Records for the exercise:
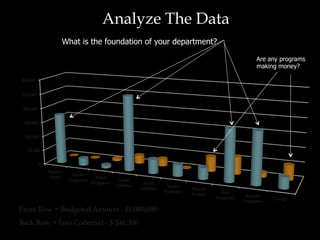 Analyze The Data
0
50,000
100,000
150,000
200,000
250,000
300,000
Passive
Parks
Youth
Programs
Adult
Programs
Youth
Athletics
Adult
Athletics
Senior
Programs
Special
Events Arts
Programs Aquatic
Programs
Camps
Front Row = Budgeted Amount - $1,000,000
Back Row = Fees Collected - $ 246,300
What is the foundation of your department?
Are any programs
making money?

* * *

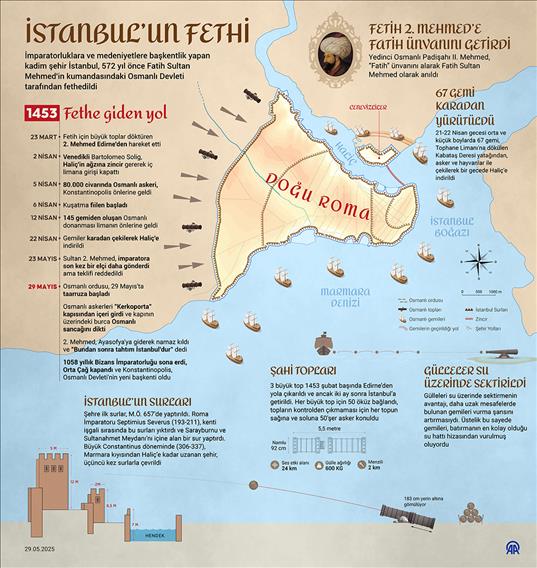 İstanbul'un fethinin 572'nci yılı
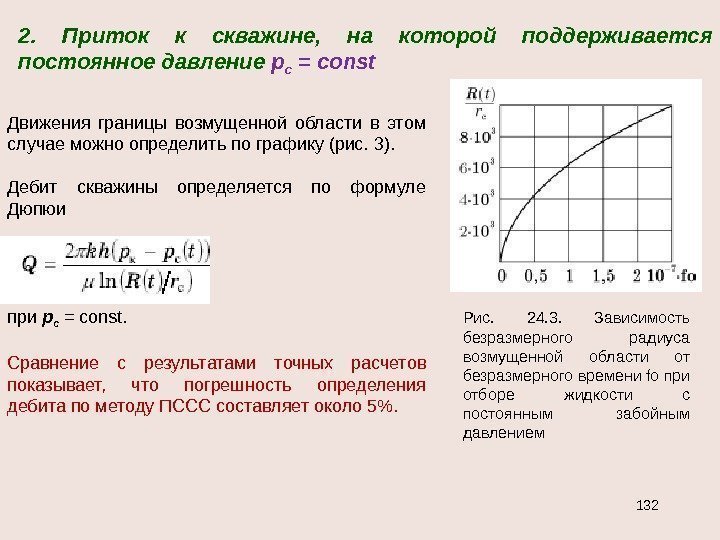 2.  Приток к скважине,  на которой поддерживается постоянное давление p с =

Problem statement:
Within the listing above, the lines from the one with "Analyze The Data" through the one with "making money?" are to be given again word for word. Do not include pictures.

The completed task:
 Analyze The Data
0
50,000
100,000
150,000
200,000
250,000
300,000
Passive
Parks
Youth
Programs
Adult
Programs
Youth
Athletics
Adult
Athletics
Senior
Programs
Special
Events Arts
Programs Aquatic
Programs
Camps
Front Row = Budgeted Amount - $1,000,000
Back Row = Fees Collected - $ 246,300
What is the foundation of your department?
Are any programs
making money?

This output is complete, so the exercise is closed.